In your copy, each line below is repeated exactly and no image appears.

* _Data excerpt_
----------------------------------------

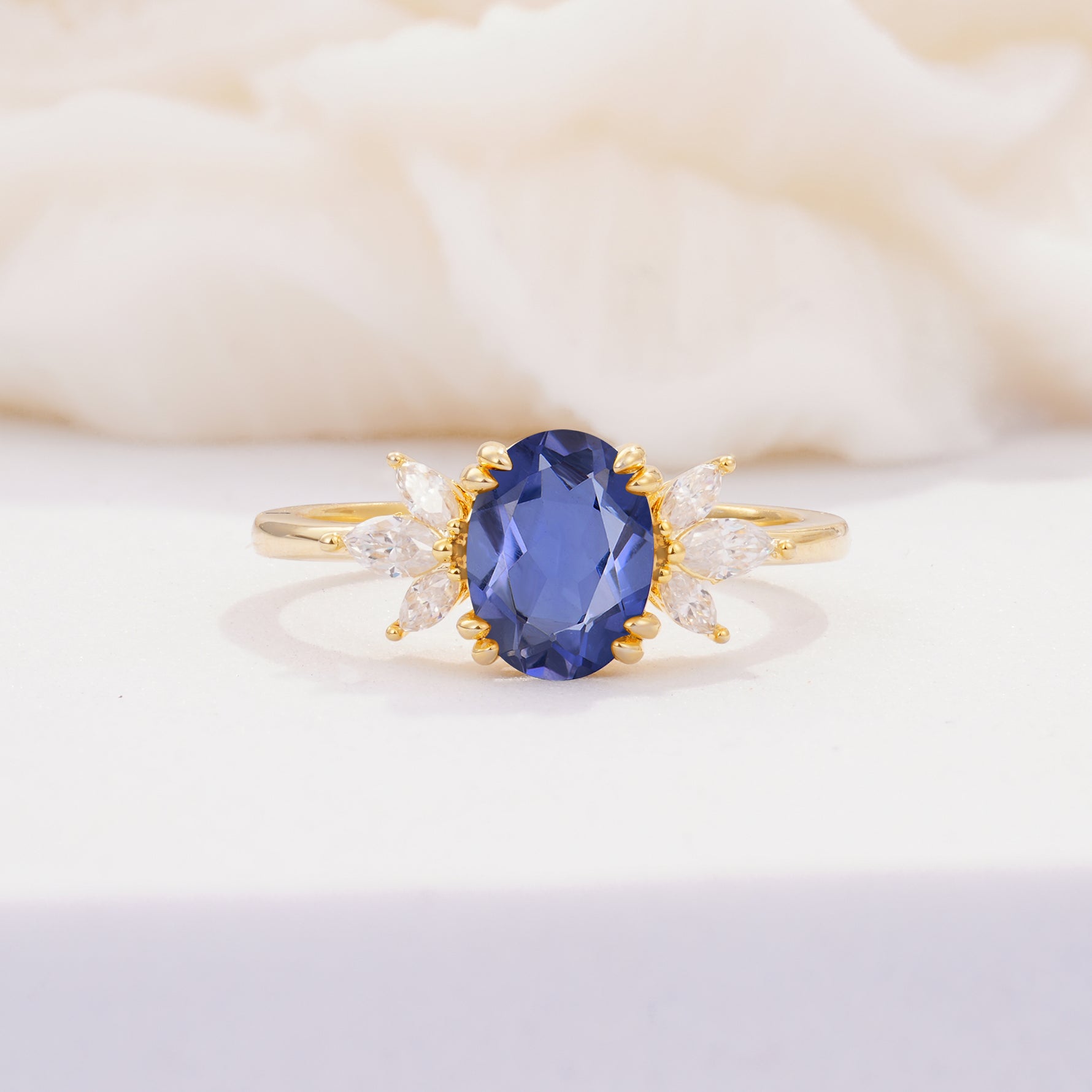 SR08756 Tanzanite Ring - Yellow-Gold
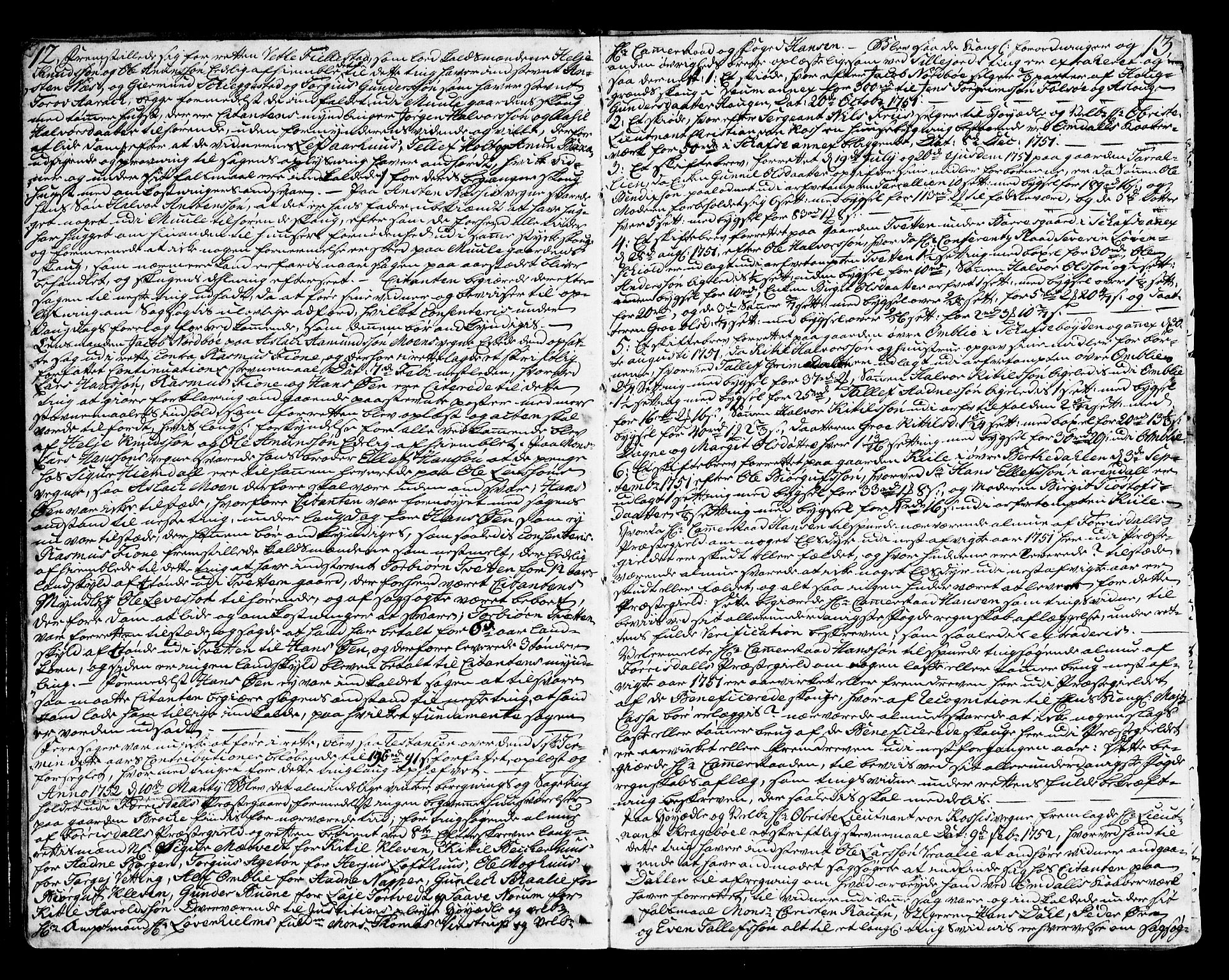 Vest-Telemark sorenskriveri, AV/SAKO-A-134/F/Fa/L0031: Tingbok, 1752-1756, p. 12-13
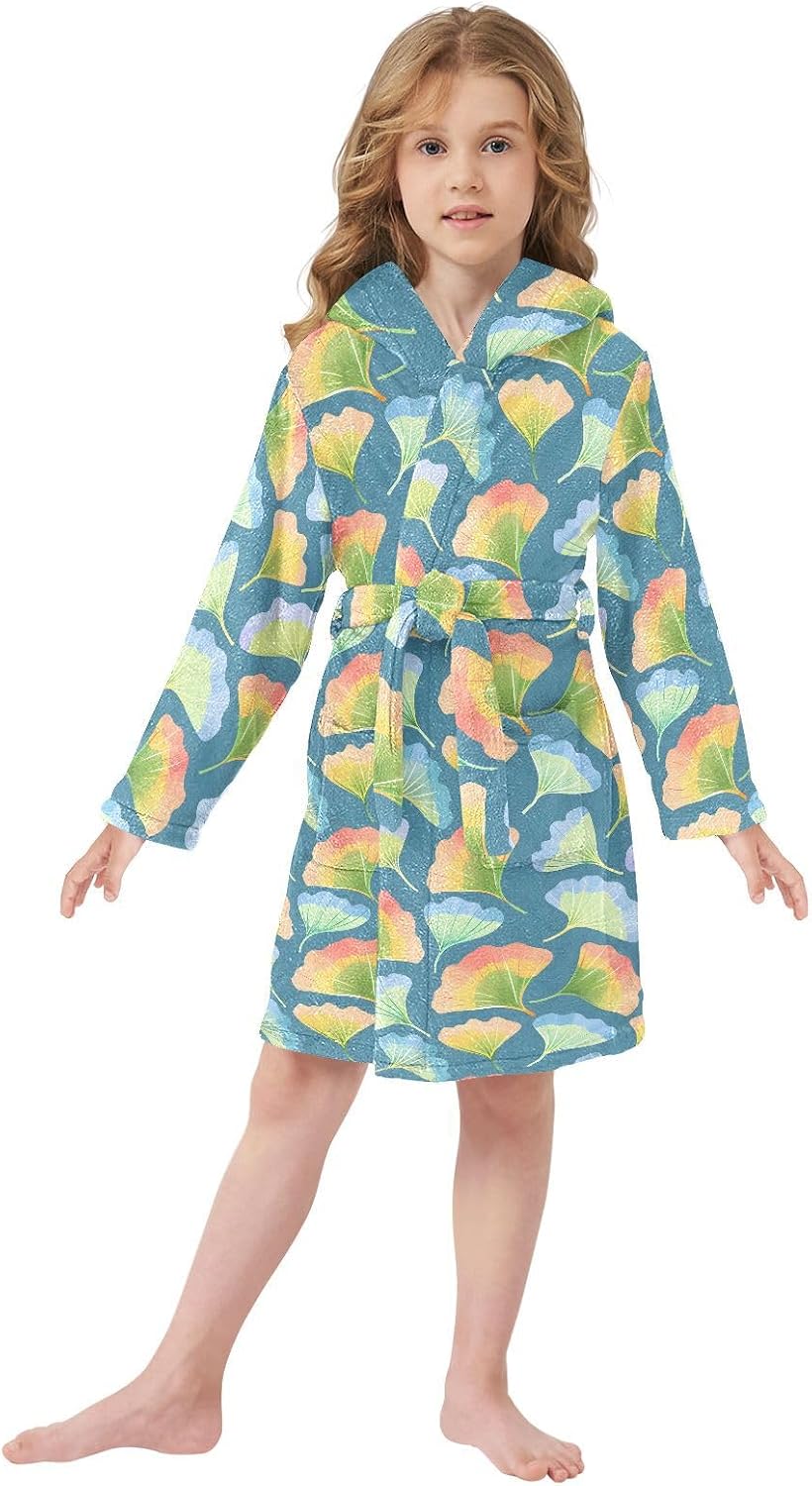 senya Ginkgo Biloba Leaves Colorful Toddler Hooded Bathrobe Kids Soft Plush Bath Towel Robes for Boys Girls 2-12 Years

----------------------------------------

* _Answer space_
 SR08756 Tanzanite Ring - Yellow-Gold
 Vest-Telemark sorenskriveri, AV/SAKO-A-134/F/Fa/L0031: Tingbok, 1752-1756, p. 12-13
 senya Ginkgo Biloba Leaves Colorful Toddler Hooded Bathrobe Kids Soft Plush Bath Towel Robes for Boys Girls 2-12 Years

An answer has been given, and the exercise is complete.